> [Information]:
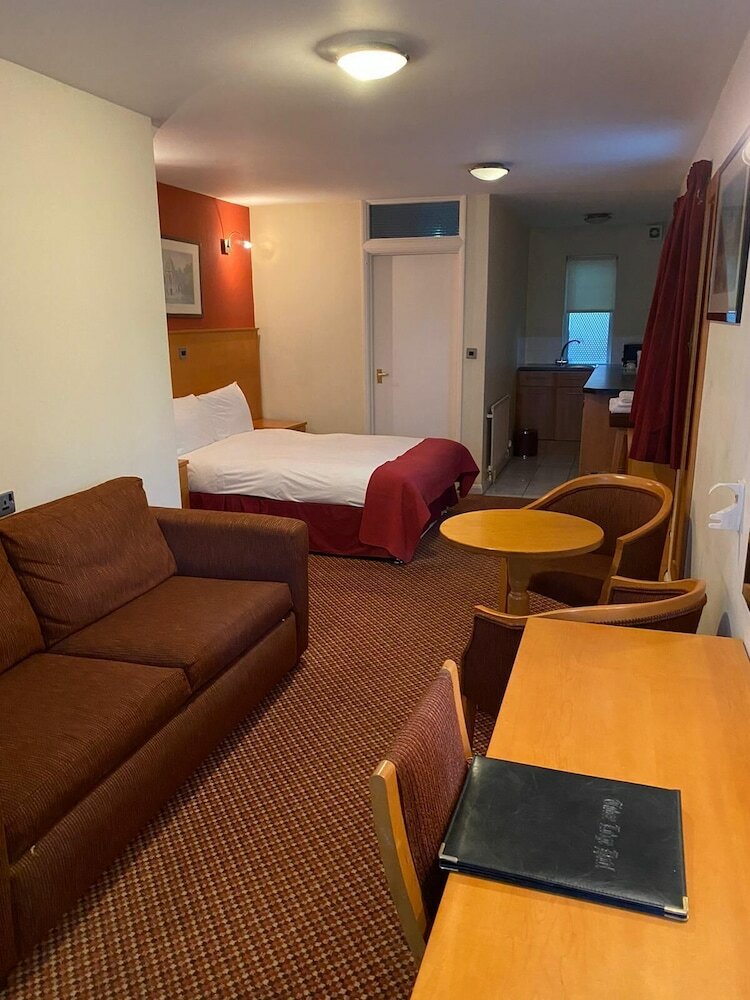 Фото Tudor Lodge Hotel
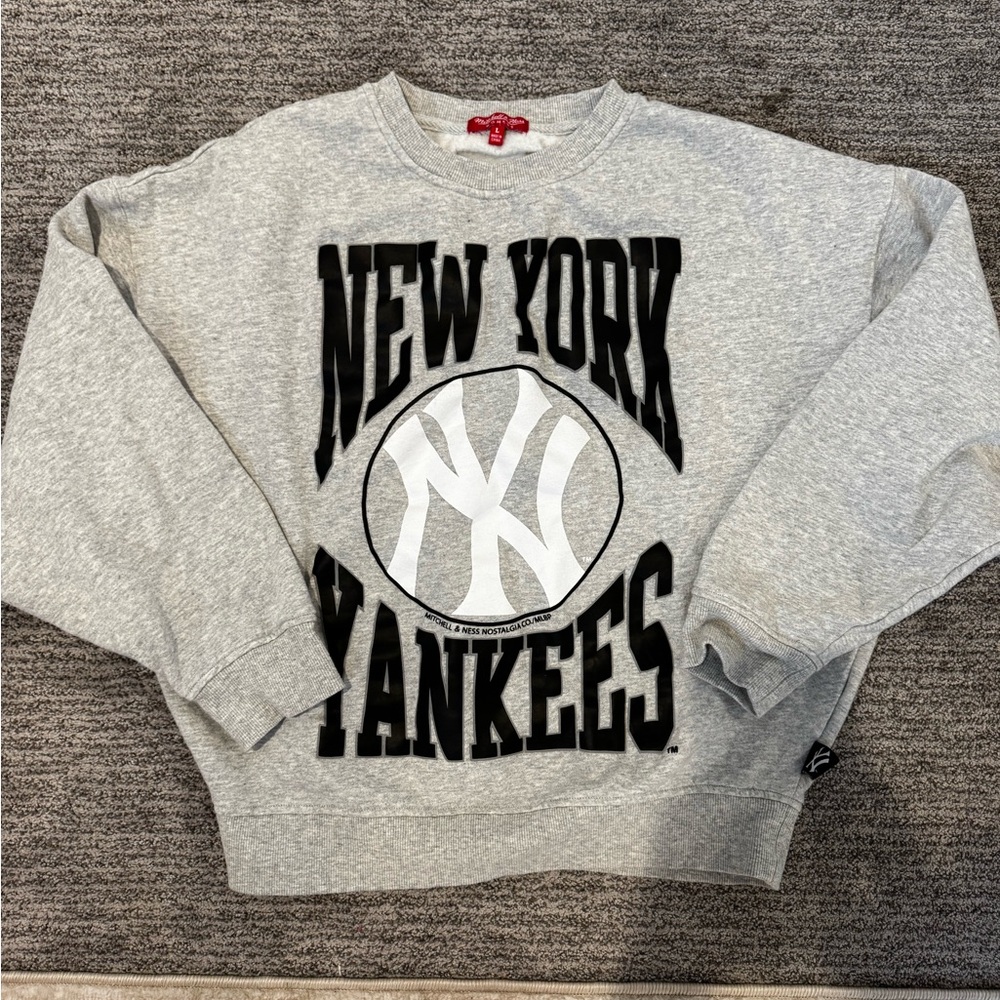Women’s Yankees Sweatshirt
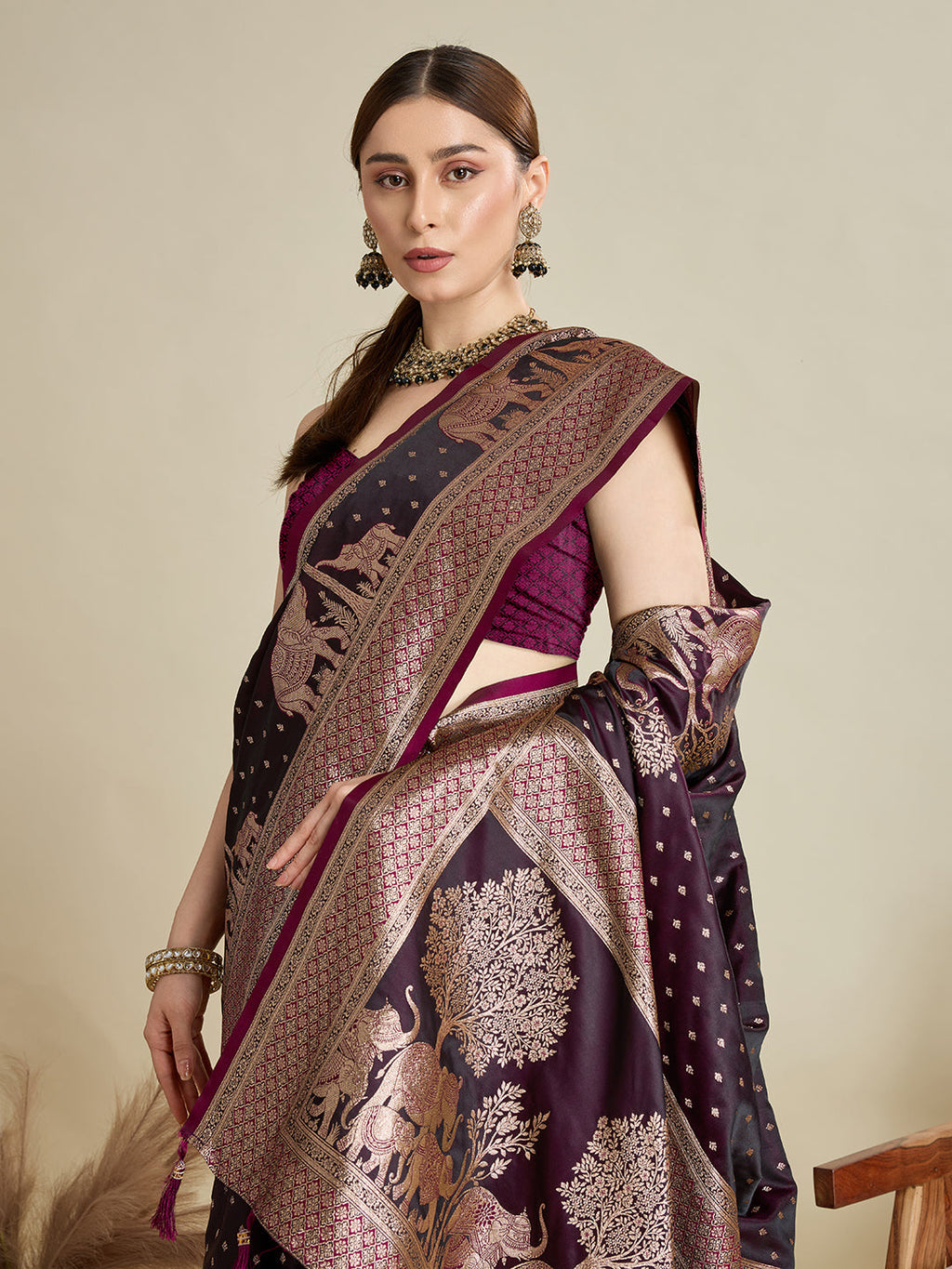 Vedant Vastram Soft Litchi SIlk Banarasi Silk Jacquard Saree - Wine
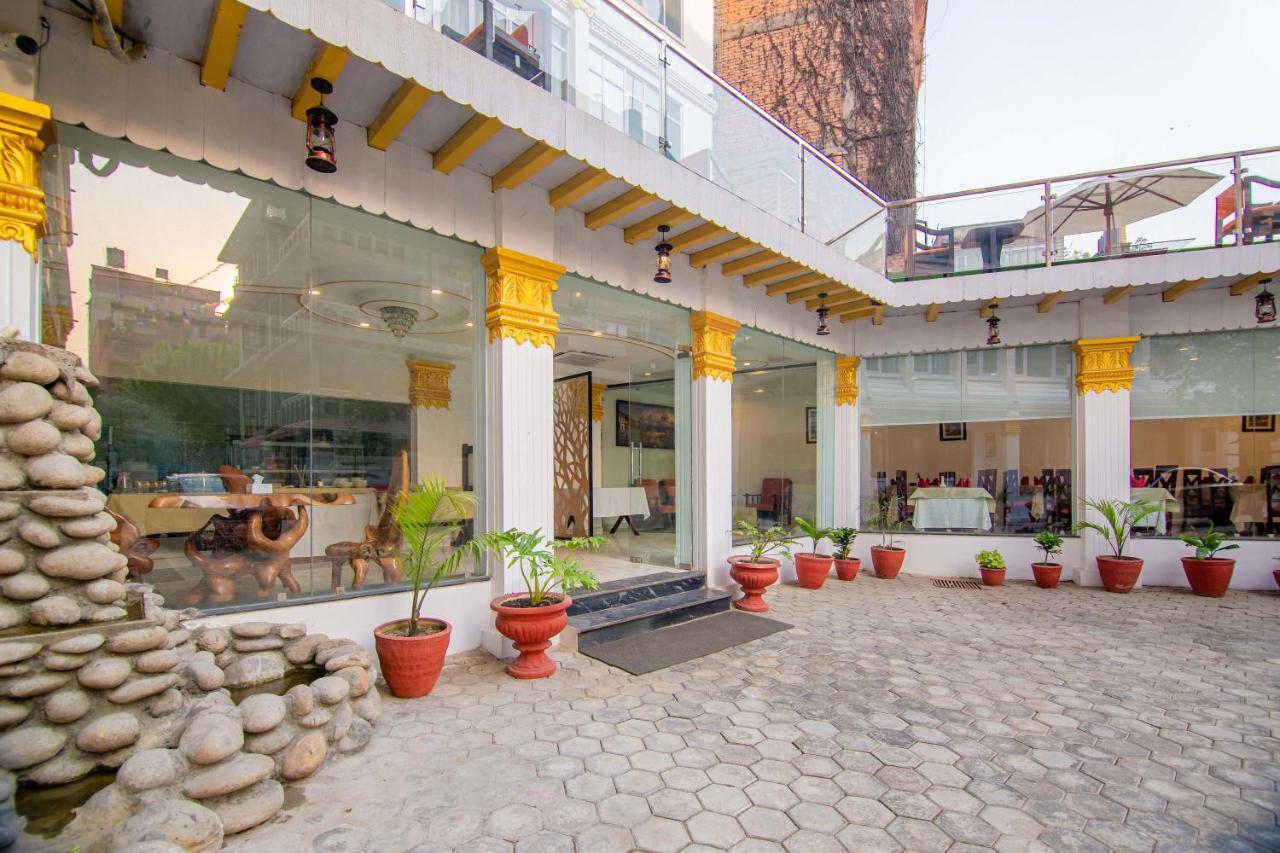Durbar Hotel & Residence Kathmandu Esterno foto
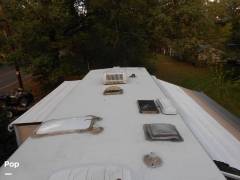 2006 Winnebago Voyage 33V, $ 35,000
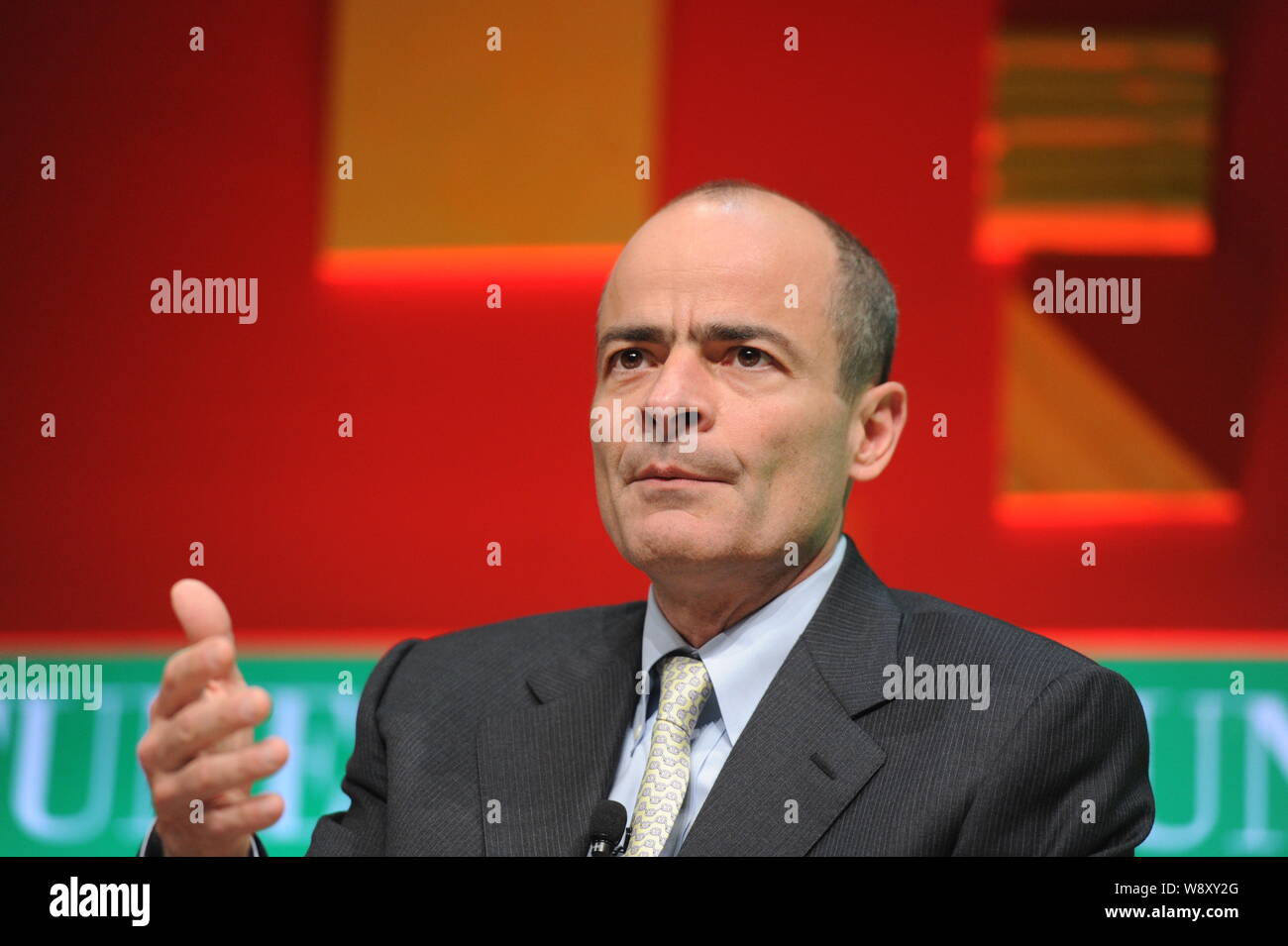 Carlos Brito High Resolution Stock Photography And Images Alamy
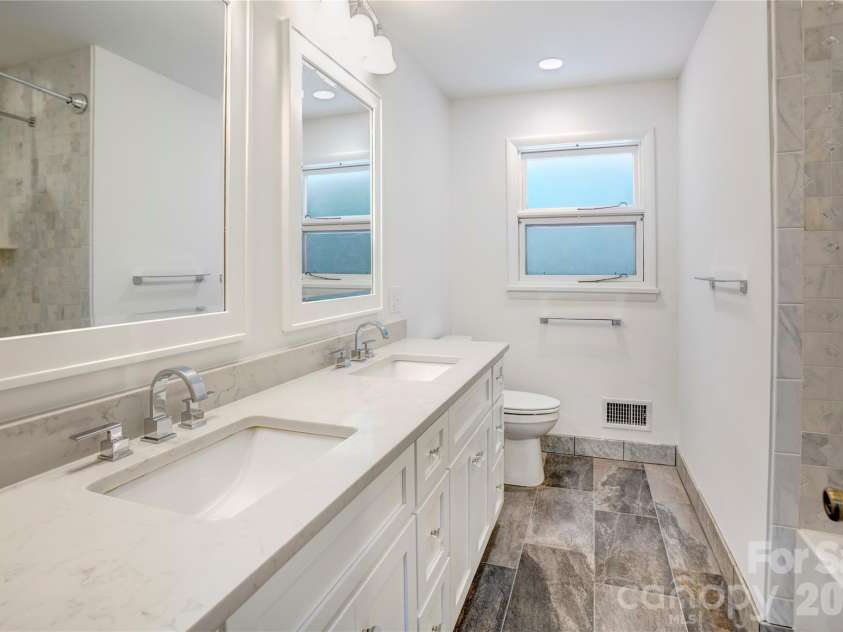 688 Grandview Drive, Concord, NC 28025.  MLS# CAR4433877, YatesRealty ID 38977. Full bath (main floor)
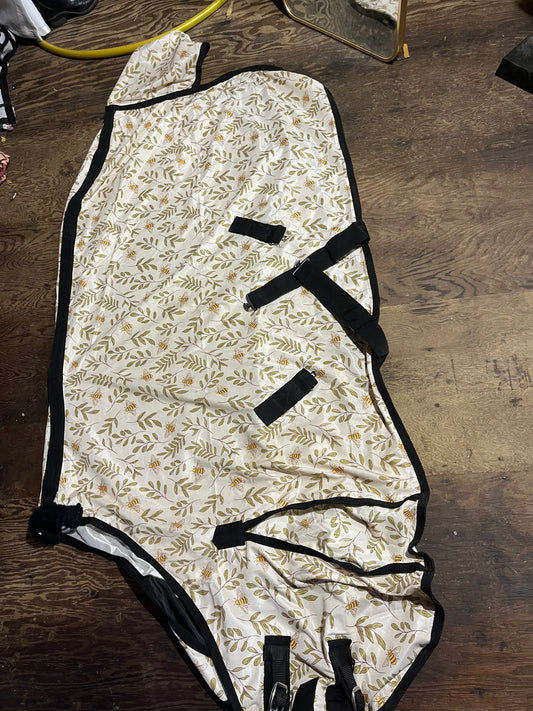 70” bee print flysheet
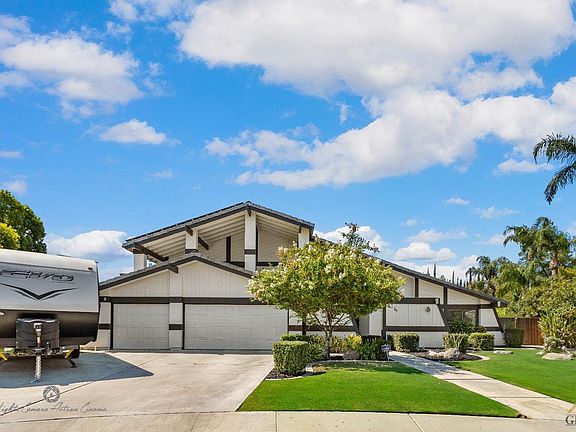 4th image of 1009 Halterio Ct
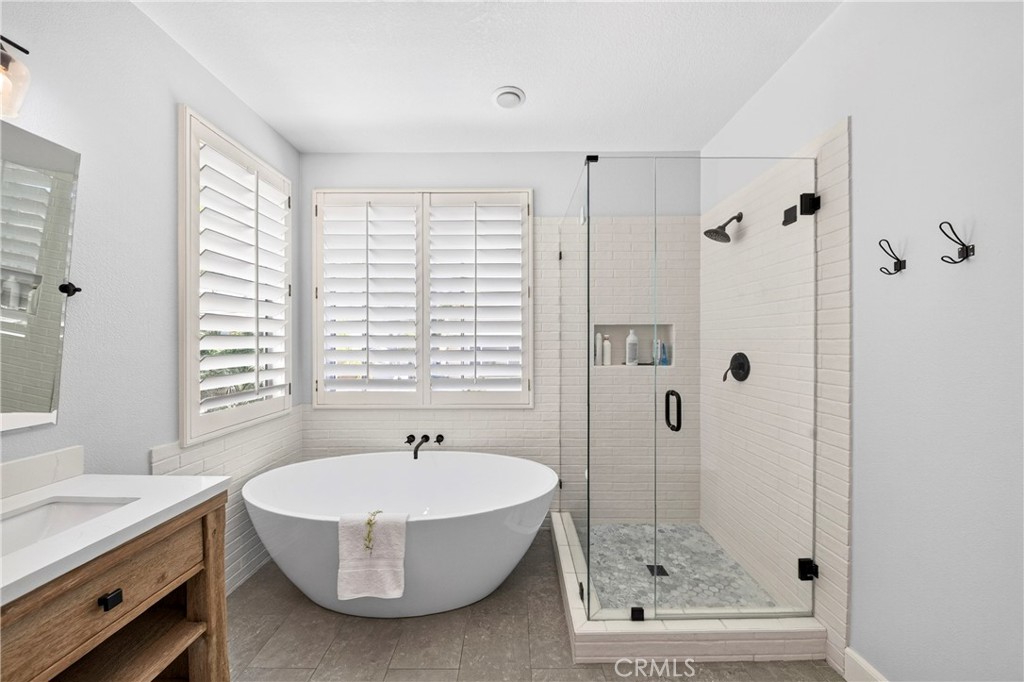 1238 Hampton Court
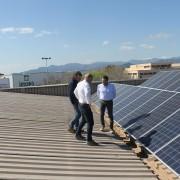 S’instal·len 30 plaques solars que faran funcionar amb energia neta la meitat de la flota de vehicles elèctrics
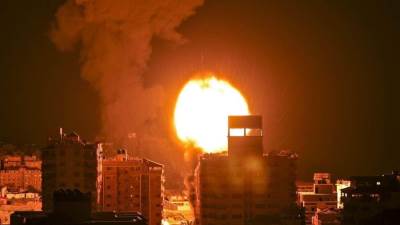 استهداف مبنى للصحة بغزة.. ودعوة دولية لحماية الطواقم الطبية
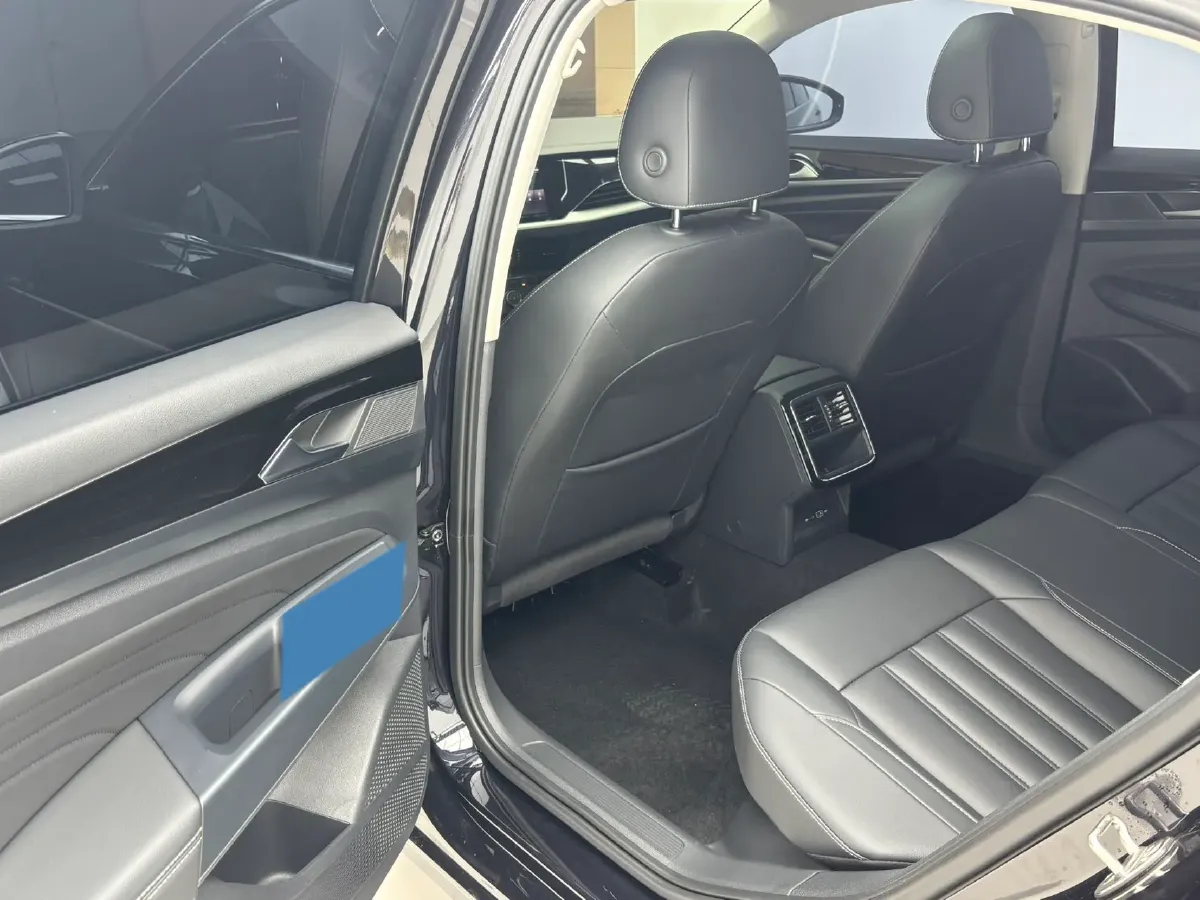 2023 Volkswagen Passat 1.4T 150HP L4 7DCT,autocango,china used car exporter,china ev exporter,chinese used car exporter,chinese used ev exporter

> [Goal of the exercise]:
Repeat all of the entries above exactly. Keep pictures out of it.

> [Answer to this exercise]:
 Фото Tudor Lodge Hotel
Women’s Yankees Sweatshirt
 Vedant Vastram Soft Litchi SIlk Banarasi Silk Jacquard Saree - Wine
Durbar Hotel & Residence Kathmandu Esterno foto
 2006 Winnebago Voyage 33V, $ 35,000
 Carlos Brito High Resolution Stock Photography And Images Alamy
 688 Grandview Drive, Concord, NC 28025.  MLS# CAR4433877, YatesRealty ID 38977. Full bath (main floor)
 70” bee print flysheet
 4th image of 1009 Halterio Ct
 1238 Hampton Court
 S’instal·len 30 plaques solars que faran funcionar amb energia neta la meitat de la flota de vehicles elèctrics
 استهداف مبنى للصحة بغزة.. ودعوة دولية لحماية الطواقم الطبية
 2023 Volkswagen Passat 1.4T 150HP L4 7DCT,autocango,china used car exporter,china ev exporter,chinese used car exporter,chinese used ev exporter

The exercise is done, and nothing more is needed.